I would most certainly never call formats like ooxml or odf
“publishing formats”, they are content creation or editing formats.
From a publishing format I expect to be able to show the content as
intended — which actually neither of them can do 100 % can, the
probability of messing up just isn't that big. Either you want a fixed
format, e.g. for printing, what you get with the likes of PDF, PS, SVG
or your various raster graphic formats. Or you want your content to
adapt in a foreseeable way to the viewer, i.e. HTLM, usually with the
help of CSS and worst case JS. Sure, ooxml and odf want to be the
former, but due to technical caveats that's not necessarily possible.

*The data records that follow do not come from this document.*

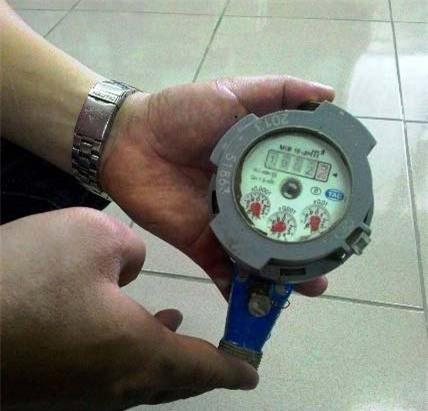 vu tien nuoc 19 trieu dong/thang: chap nhan dong du tien hinh anh 1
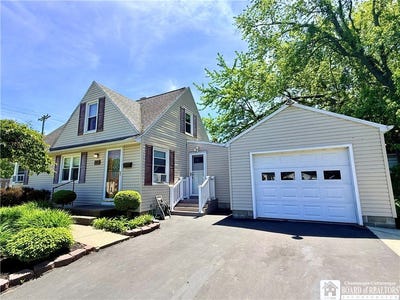 /international/us/869-central-avenue-dunkirk-ny-110108474014/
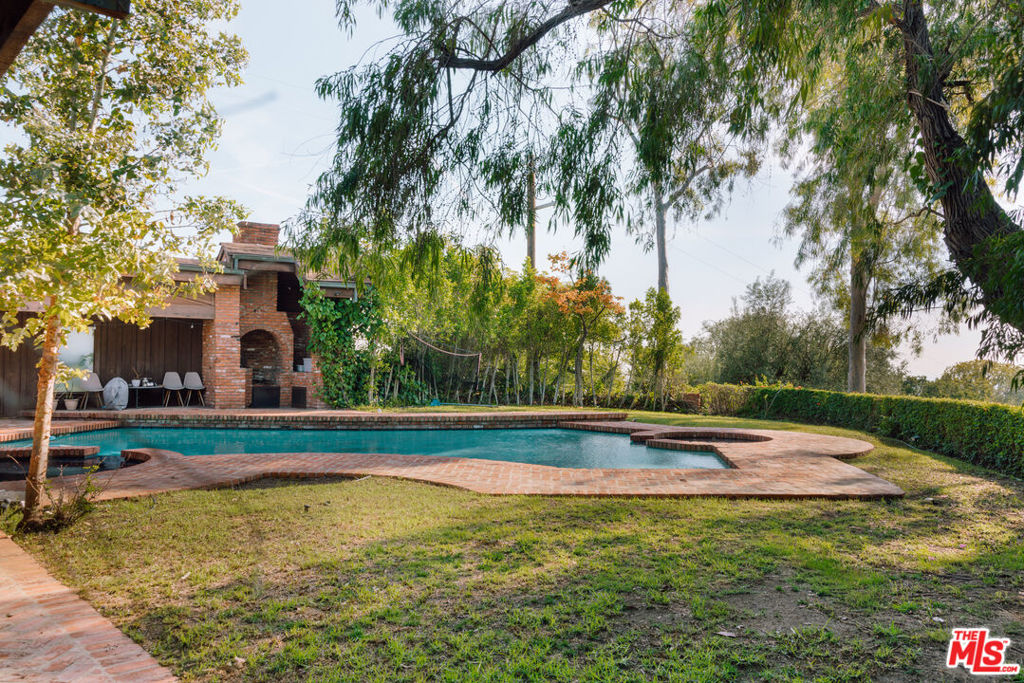 Residential for sale at 1355 Beverly Estates Drive, Beverly Hills CA featuring 6 beds and 9 baths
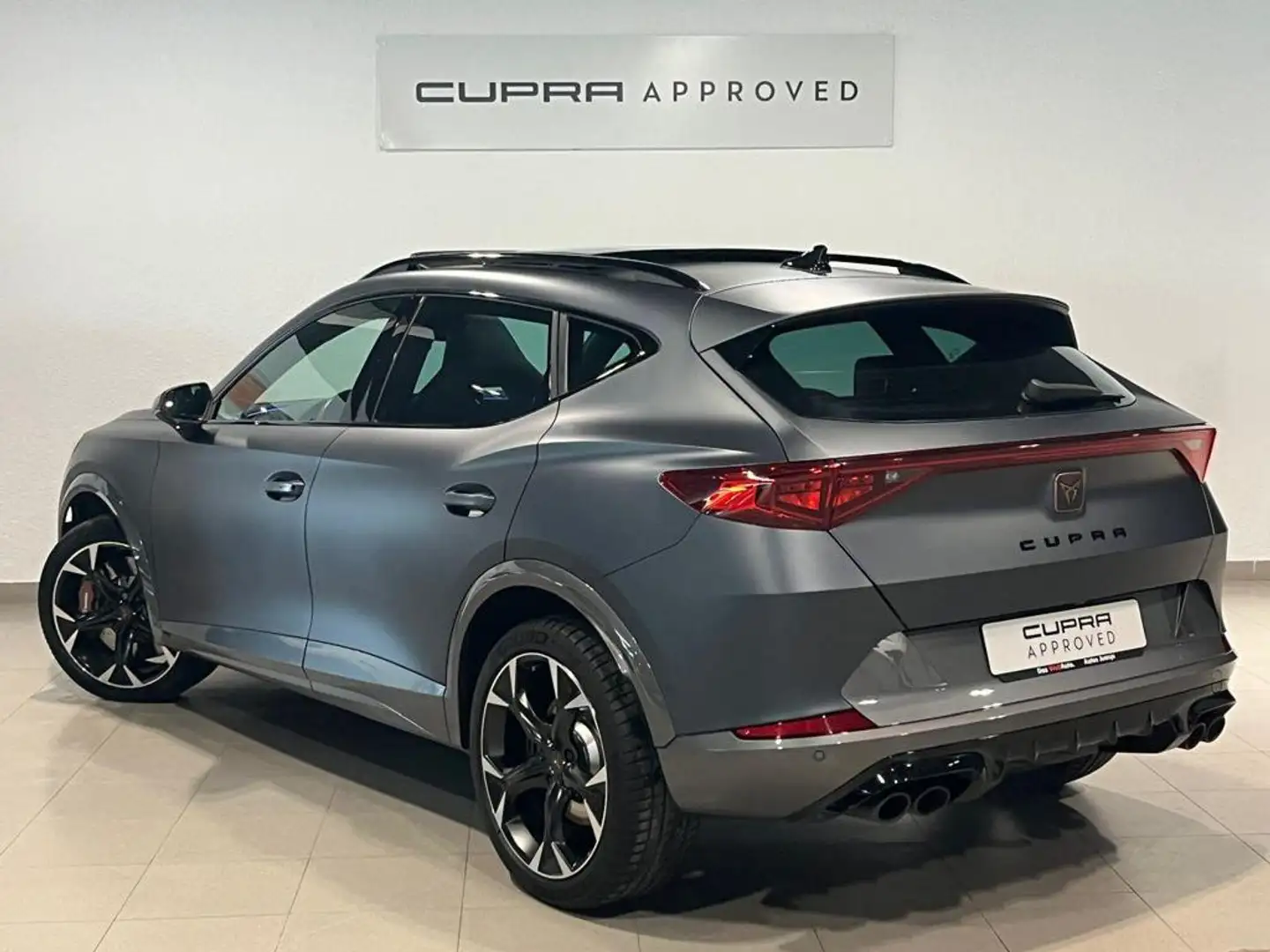 CUPRA Formentor 2.0 TSI 310 VZ DSG 4Drive Gris - 2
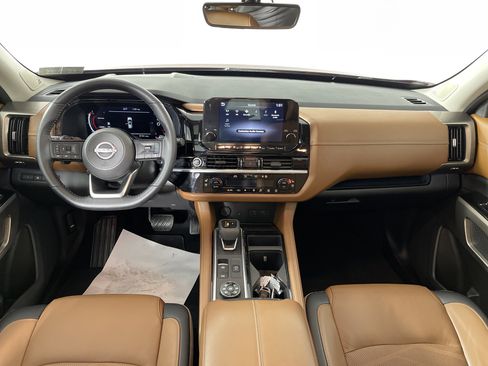 Used 2023 Nissan Pathfinder Platinum w/ Cargo Package image 17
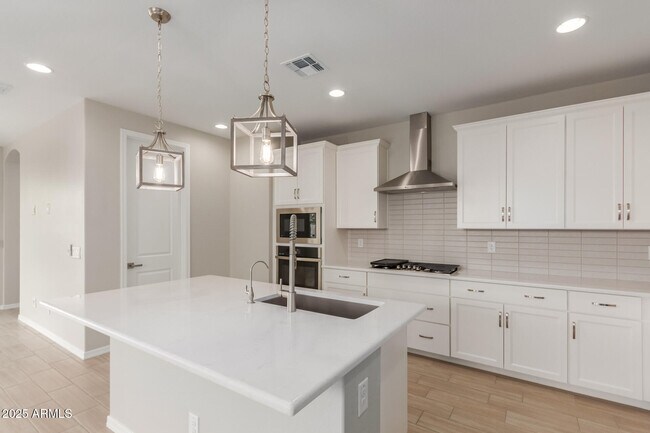 Building Photo - 34906 N Hawley Dr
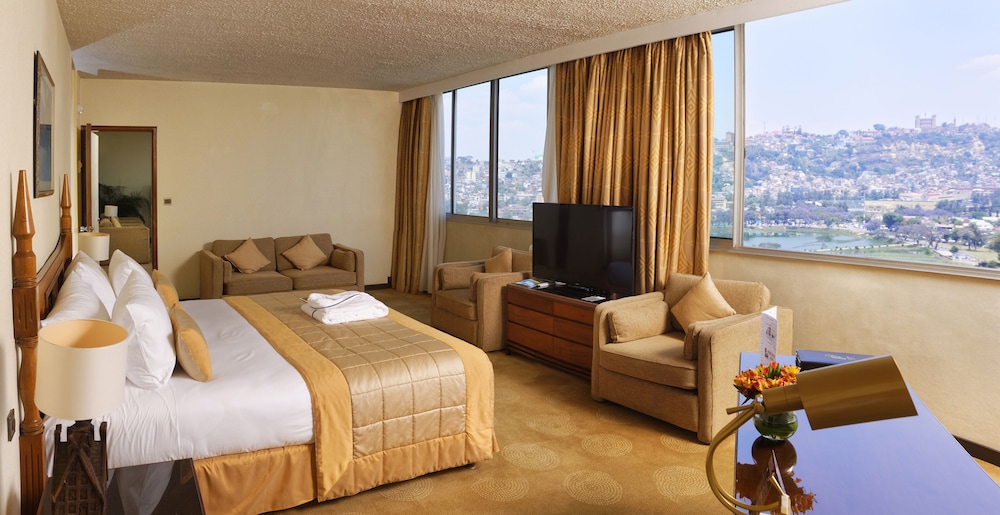 Royal Suite, Lake View photo 3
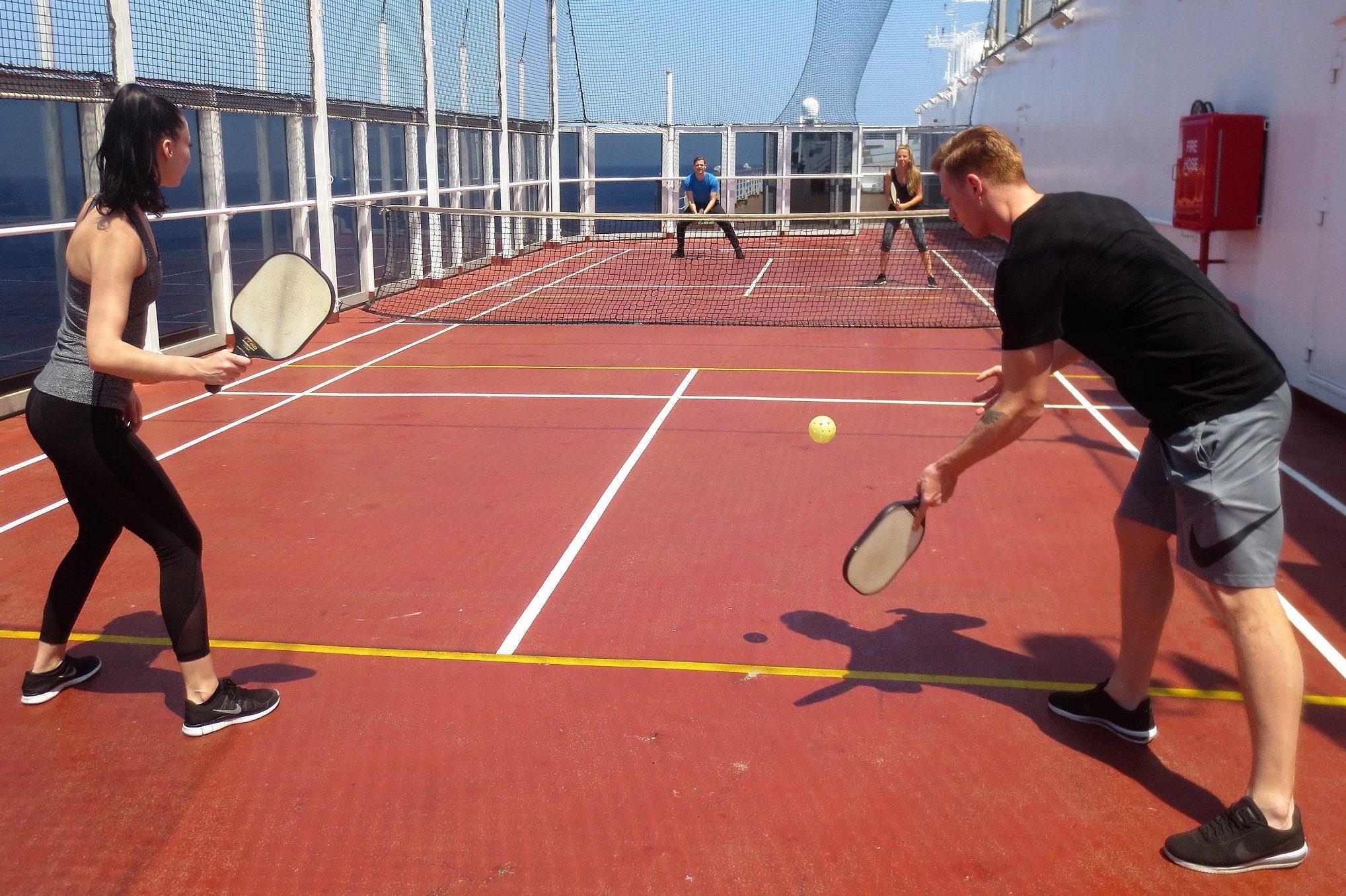 Holland America Line biedt in 2023 gratis lessen pickleball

With ooxml, you have several incompatible versions you can't just
easily tell apart, often making identical display impossible due to
using but not embedding proprietary fonts by default — and being an
abomination of a format spanning around 5500 pages plus another 1000
pages for their tranistional mode, that was only standardized by
world-wide corruption. ODF usually does things way better, but support
in software beyond LibreOffice is still often lacking — though that's
not their fault since their format is much simpler, being documented
in just around 1000 pages. But still, as it doesn't communicate fixed
positions — and as far as I can tell doesn't imply those by telling
the software explicitly how to render font, so the result will always
look identical, and won't embed fonts — or the needed subset — by
default, it's also kinda not fulfilling the needs.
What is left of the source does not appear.